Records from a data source
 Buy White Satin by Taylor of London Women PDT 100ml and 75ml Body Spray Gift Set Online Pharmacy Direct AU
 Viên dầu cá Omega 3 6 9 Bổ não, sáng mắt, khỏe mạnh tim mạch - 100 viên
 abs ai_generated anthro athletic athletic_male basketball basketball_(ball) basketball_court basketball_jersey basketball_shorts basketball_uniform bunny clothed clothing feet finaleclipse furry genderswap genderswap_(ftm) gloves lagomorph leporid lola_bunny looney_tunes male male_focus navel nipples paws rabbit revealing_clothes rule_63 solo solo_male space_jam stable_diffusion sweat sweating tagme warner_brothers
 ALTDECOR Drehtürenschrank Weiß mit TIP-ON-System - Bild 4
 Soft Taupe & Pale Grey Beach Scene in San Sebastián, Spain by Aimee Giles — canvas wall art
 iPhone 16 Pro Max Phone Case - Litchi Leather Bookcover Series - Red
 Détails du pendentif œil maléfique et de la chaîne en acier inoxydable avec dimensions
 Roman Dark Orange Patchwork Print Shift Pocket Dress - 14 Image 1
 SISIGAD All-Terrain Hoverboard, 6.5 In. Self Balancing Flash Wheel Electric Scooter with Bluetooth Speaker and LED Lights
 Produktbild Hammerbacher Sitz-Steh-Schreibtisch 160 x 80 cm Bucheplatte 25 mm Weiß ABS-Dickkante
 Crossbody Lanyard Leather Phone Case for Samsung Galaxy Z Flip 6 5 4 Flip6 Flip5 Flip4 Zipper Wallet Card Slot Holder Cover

_TASK PROMPT_
Reproduce each line from the data that has "Leather" in it.

_EXERCISE SOLUTION_
 iPhone 16 Pro Max Phone Case - Litchi Leather Bookcover Series - Red
 Crossbody Lanyard Leather Phone Case for Samsung Galaxy Z Flip 6 5 4 Flip6 Flip5 Flip4 Zipper Wallet Card Slot Holder Cover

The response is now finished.